We have 1 transformer for the Playstation, Wii, and our multi-region DVD player (because US DVDs won’t play on NZ DVD players, and vice versa). We have another transformer for our wireless printer/scanner. I often use this one for some of our kitchen appliances.
Side note: I later wished that we hadn’t brought some of those appliances and had just bought new when we got here. Why? Well, those transformers are heavy. Getting it out from under the desk, lugging it onto the kitchen counter, and then repeating the process when I was done using the blender was a lot of work. Well, maybe not a lot of work in comparison to, say, farming 40 acres, but it was a lot of work for making a smoothie. Same deal whenever I used the crock pot. Additionally, transformers take up space. Not a lot of space, but enough space to be noticeable in a small kitchen.
And then, we have a 3rd transformer. I normally forget about this one because I almost never see it. Why? Because it’s actually in Chris’ office at the uni and is used by his
second wife coffee/espresso machine.
If you try to use an electronic device in NZ that doesn’t run on the standard voltage here, you will fry it. If you decide to buy electronics on TradeMe, make sure you check the voltage. I sold a paper shredder on TradeMe several weeks ago. I listed it for the grand price of $1 because it was 5 years old and it ran on US voltage (something I made sure to list both in the item’s title and twice in the item’s description). It ended up going for something like $30 and the evening after the buyer picked it up, I got a rather irate email, talking about how I’d sold him a piece of junk.

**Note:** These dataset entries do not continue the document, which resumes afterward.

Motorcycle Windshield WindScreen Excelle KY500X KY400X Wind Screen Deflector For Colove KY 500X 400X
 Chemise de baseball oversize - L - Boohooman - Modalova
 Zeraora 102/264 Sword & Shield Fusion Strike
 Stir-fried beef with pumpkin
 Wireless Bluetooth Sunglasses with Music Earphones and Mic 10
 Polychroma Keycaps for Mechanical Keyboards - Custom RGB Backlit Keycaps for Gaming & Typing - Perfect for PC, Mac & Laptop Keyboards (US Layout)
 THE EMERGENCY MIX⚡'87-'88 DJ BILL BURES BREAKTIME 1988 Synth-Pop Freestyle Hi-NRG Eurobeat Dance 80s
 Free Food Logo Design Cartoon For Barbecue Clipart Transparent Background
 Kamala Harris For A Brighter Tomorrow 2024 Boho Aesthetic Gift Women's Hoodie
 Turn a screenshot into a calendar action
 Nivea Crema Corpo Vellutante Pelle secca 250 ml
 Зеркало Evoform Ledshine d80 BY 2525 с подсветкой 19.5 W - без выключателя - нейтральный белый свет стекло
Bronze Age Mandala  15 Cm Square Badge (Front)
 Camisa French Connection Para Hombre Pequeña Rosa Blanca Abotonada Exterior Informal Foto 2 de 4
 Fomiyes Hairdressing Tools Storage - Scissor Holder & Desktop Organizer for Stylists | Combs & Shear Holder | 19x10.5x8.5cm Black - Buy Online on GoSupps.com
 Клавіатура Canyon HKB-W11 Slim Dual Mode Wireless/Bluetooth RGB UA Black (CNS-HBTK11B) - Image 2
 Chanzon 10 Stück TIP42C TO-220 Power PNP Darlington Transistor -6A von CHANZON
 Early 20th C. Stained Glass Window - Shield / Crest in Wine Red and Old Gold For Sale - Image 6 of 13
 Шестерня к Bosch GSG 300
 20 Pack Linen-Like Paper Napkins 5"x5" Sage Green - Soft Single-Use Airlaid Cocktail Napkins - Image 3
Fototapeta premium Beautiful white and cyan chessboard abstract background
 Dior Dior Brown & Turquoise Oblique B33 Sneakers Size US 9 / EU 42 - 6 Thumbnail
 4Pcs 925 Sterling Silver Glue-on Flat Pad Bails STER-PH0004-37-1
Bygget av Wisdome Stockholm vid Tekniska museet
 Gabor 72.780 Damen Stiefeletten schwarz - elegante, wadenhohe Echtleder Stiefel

I gently pointed out the voltage, copy/pasted the item’s description as it ran on TradeMe, and asked if he’s used a transformer or just a plug adapter. Give you one guess as to what he’d done.
So, have a think before bringing your electronics over here. As a general rule, if it’s 5 years old or more, don’t bring it. Just replace it, either in the States or over here. And make sure you’re aware of the voltage!